The Tobacco Barn Preservation Mini-Grant Fund is accepting applications for small grants to stabilize the structure and fix up the exterior of historic tobacco barns, while maintaining the original architectural style.
JTI – Japan Tobacco International – bought out RJ Reynolds a few years ago, and has offices all over the world, including a large office and warehouse in Danville, Va. The company has given Preservation Virginia $100,000 for the project, which spans Pittsylvania and Halifax counties in Virginia, as well as Caswell County.
“JTI has a lot of tobacco growers in this area,” said Preservation Virginia’s Sonja Ingram. “This time of year their warehouse is stacked to the ceiling. The tobacco grown here is always considered the best grown all over the world.”

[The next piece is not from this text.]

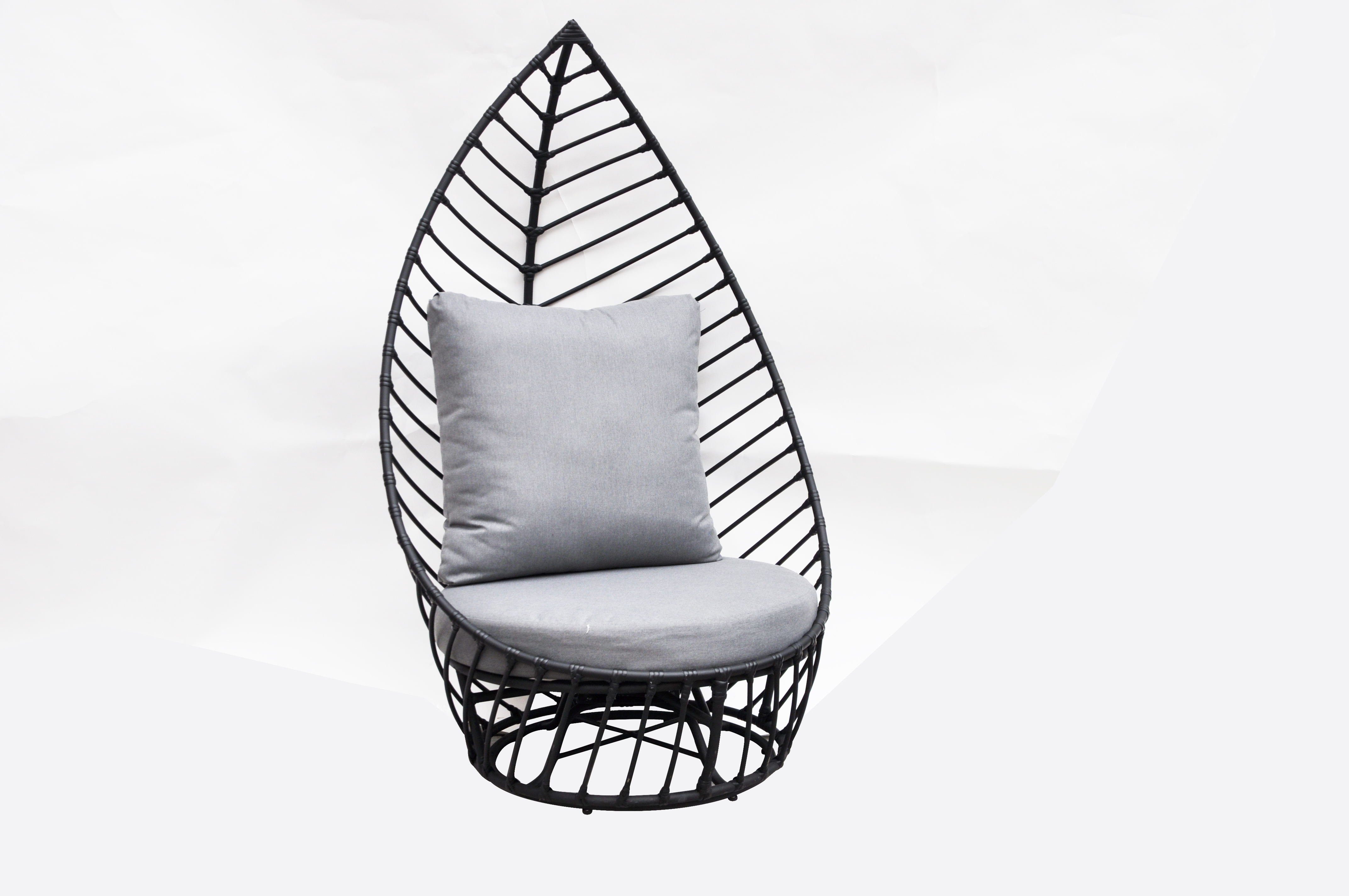 华体会体育官方在线官网 - 坐具|沙发|办公家具|华体会体育官方在线官网家具|枫叶休闲沙发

Ingram introduced the project to about three dozen farmers who gathered at the library last Tuesday night. She has since held similar workshops in Chatham and South Boston, Va.
In 2009, Preservation Virginia began listing the tobacco barns of Pittsylvania County.
“It created more interest than any other sites ever on our endangered list,” said Ingram. “It turned into a full-fledged program.”
The non-profit group held two educational workshops and did an architectural survey of 200 barns there.
“We’re also doing an oral history project, so if you know of any elderly tobacco farmers in this area, let us know,” said Ingram.
And now, with JTI’s money, Preservation Virginia is now offering mini-grants for tobacco barn restoration. While it’s a pilot project the first year, the non-profit hopes to work with JTI another year, and maybe longer.
“This first year, we’re looking at barns that can be repaired,” explained Ingram. “We want to do as many as we can.”
She said roof repair is important, since water deteriorates the logs. The other main areas of repair are the foundation and siding.
“Is the barn leaning? It’s repairable,” said Ingram, adding that the barn can be jacked up to repair the foundation. “A lot of times the foundation stones are there, but they may be scattered.”
And some contractors have logs from salvaged barns that can be used for replacements.
The mini-grants allow for up to $4,500 per barn, but owners can add their own money to it for more extensive repairs – as long as they include their intent on the grant application.
The property owners will not have to handle any money; the funds will go from Preservation Virginia right to the contractors working on the project.
“We have a large list of contractors,” said Ingram. “A lot of people can do roofs; we’re looking for people with experience in log building. We have three to four in Caswell County already.”
One Caswell farmer asked if barn owners had an obligation to maintain the structure after the grant work was completed.
“We didn’t institute anything, but most of the time, if you have a tobacco barn and it’s not in bad shape, you’ve already been a good steward,” replied Ingram.
“A lot of barns we drive bay and look at have trees growing up around them. In the rehab, are they cut back?” asked another farmer.
Ingram said yes, that trees and shrubs have to be removed so contractors can work.
“And some barns over the years were covered in other material like stucco, metal or tar paper. We’re not going to go in and rip it off,” said Ingram. “I’ve seen one completely covered in license plates as siding. It was amazing.”
The deadline to submit an application for a mini-grant is Jan. 15. For the following month, the barns will be ranked. Then staff members will visit the barns to make sure they are eligible. A grant review committee wills step in, and recipients will be announced on April 1. Repairs will be completed by September.
With an expected onslaught of applications, the barns will be prioritized. Higher rankings will go to barns that are visible from a public right-of-way or has some public benefit.
“If there is historical significance to your barn, put it on your application,” advised Ingram. “Is it part of a larger farm of generational farmers? Who built it and how old is it? It’s kind of like oral history in a way.”